Information given:
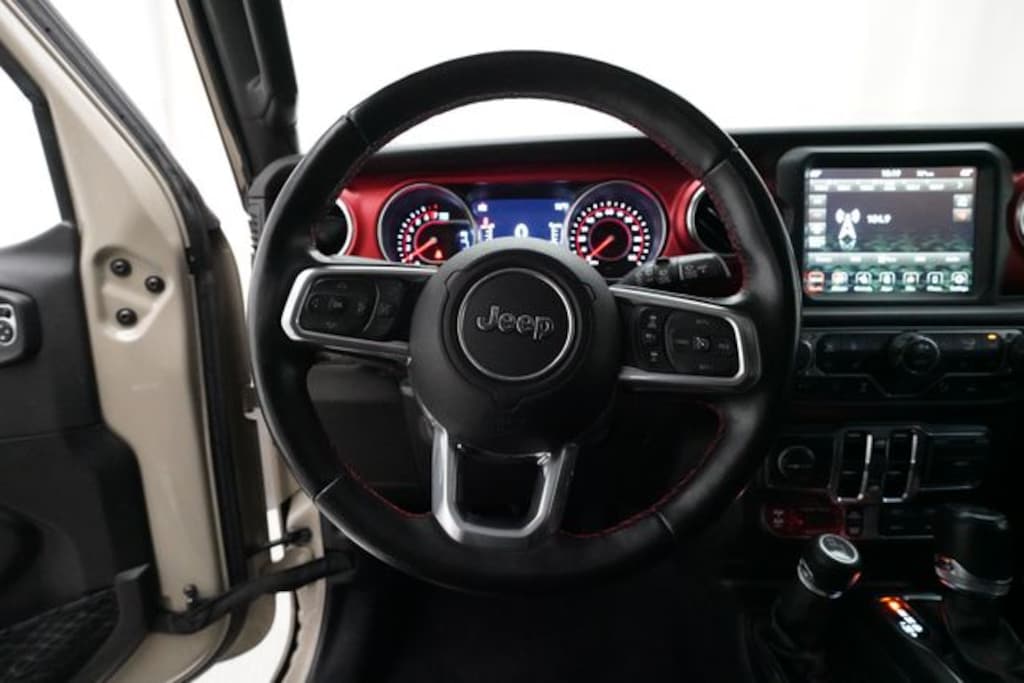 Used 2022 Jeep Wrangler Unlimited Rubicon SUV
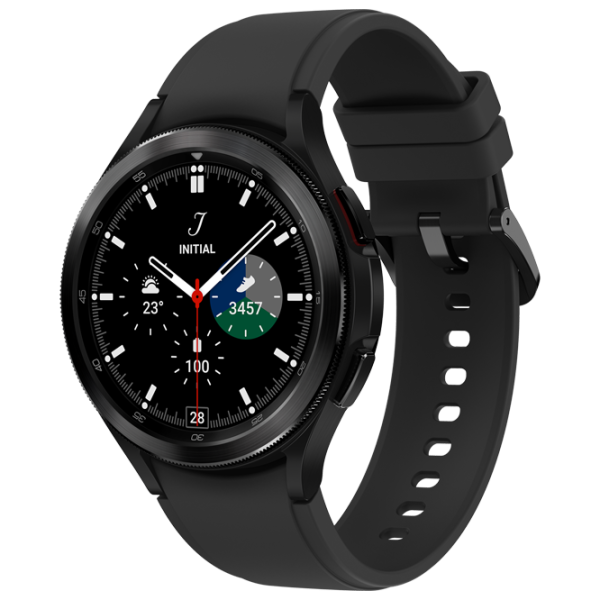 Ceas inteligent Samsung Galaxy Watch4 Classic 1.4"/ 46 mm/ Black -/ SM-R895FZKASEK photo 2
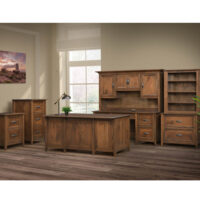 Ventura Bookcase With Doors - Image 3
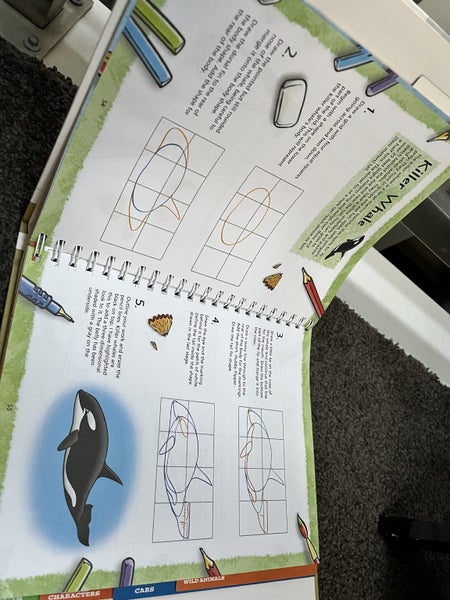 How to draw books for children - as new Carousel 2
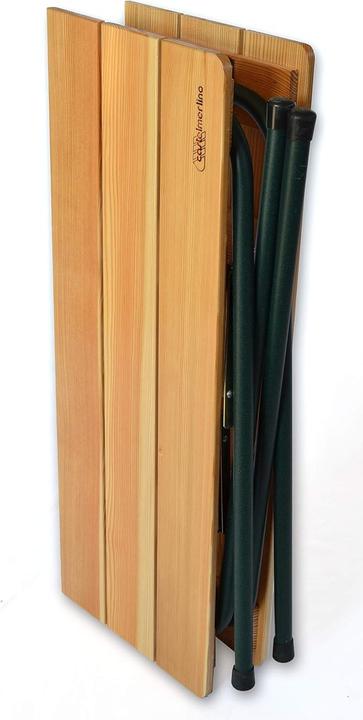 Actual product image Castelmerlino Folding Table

Task details: Transcribe exactly, and only, the lines from the one containing "Ceas inteligent Samsung" through the last line of the records above, both included; leave out the pictures.

Exercise result:
 Ceas inteligent Samsung Galaxy Watch4 Classic 1.4"/ 46 mm/ Black -/ SM-R895FZKASEK photo 2
 Ventura Bookcase With Doors - Image 3
 How to draw books for children - as new Carousel 2
 Actual product image Castelmerlino Folding Table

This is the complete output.